Family Planning and Genetics
Testimonies focused on the role that genetics (eg, BD running in families) plays in being diagnosed with BD and how this diagnosis affects decisions regarding family planning (eg, being bipolar and pregnant). These testimonies discussed the challenges and considerations involved. Several individuals mentioned how BD has been present in their families (F1). However, having a close relative with BD was also described as a source of support and reliable information. Sharing experiences and information about coping with BD and its symptoms within families was seen as positive, especially when family members were diagnosed earlier and could transmit their experiences to newly diagnosed individuals (F2).
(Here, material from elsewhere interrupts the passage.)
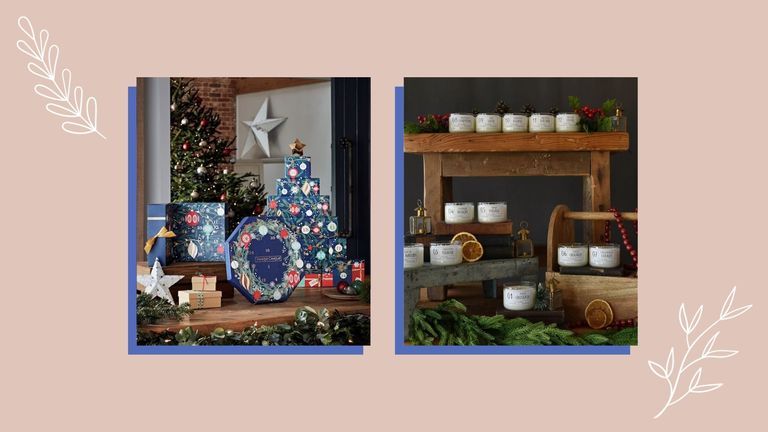 Two of the best candle advent calendars from Yankee Candle and Etsy shown side by side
The testimonies acknowledged that BD is, to a significant extent, determined by genetics. However, they also emphasized that epigenetics, including environmental factors and lifestyle, plays a role as well. Regarding family planning, individuals mentioned their plans to monitor their children’s mental health closely and seek early intervention if necessary. Overall, the notion that being bipolar should prevent one from having children was largely rejected. Instead, the focus was on preparing to support their children’s potential mental health needs.
Identity Change (Psychological and Physical)
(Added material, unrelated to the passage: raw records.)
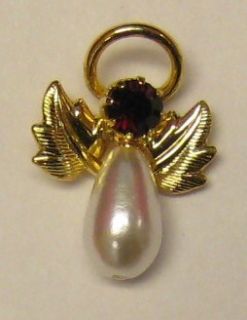 January Garnet Birthstone Guardian Angel Gold Lapel Pin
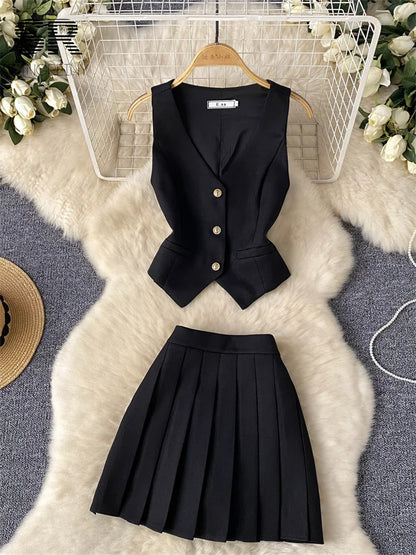 Luxe™ Conjunto Falda y Chaleco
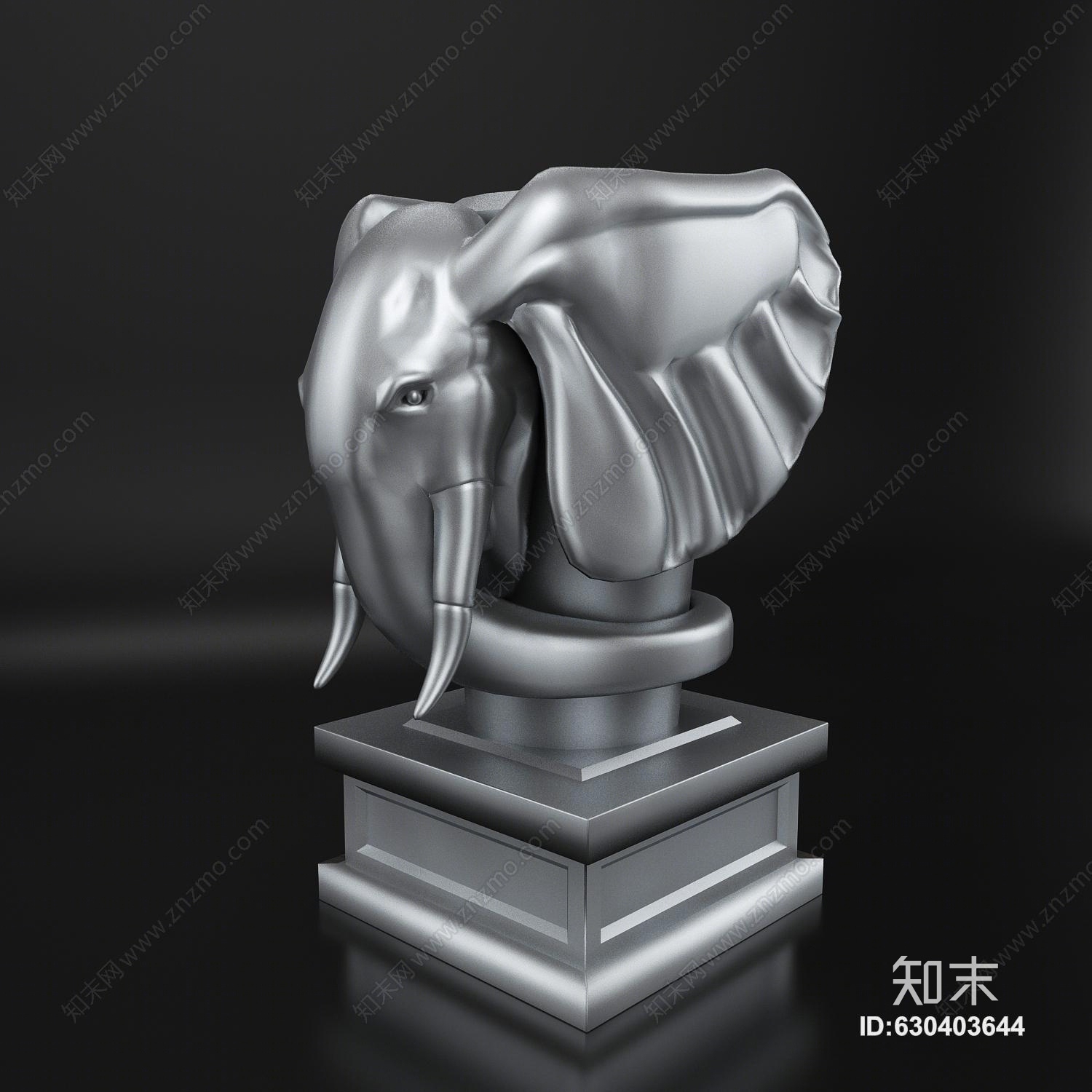 现代大象雕塑摆件3D模型下载【ID:630403644】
Testimonies described the psychological and physical changes experienced by individuals with BD, reflecting on identity, self-perception, and the impact of medication. This theme conveys a complex and often painful journey of navigating life with BD, marked by a constant battle between maintaining identity and managing the effects of the disorder and its treatment. The diagnosis of BD was a pivotal moment, providing a framework for understanding their experiences.
Some individuals expressed confusion about their identity (G1), feeling like different people merged into one. They struggled with the notion of whether they were truly themselves or a product of their disorder.
The physical toll of the disorder and its treatment was significant, with individuals reporting weight gain, loss of energy, and a decline in overall health (G2). These changes were intertwined with the emotional and psychological challenges of living with bipolar disorder, including anxiety, obsessive thoughts, and the fear of future episodes.
Human Social Relationships
Testimonies reflected on how human social relationships affected the diagnosis of BD in both positive and negative ways. The role of friends and family is central to these testimonies. They emphasize the importance of surrounding themselves with supportive and positive individuals (H1), as opposed to those who drain their energy (H2). Family history is another significant topic present in the testimonies. Several individuals described a conflicted childhood, including parental addiction (H3) and bullying (H4).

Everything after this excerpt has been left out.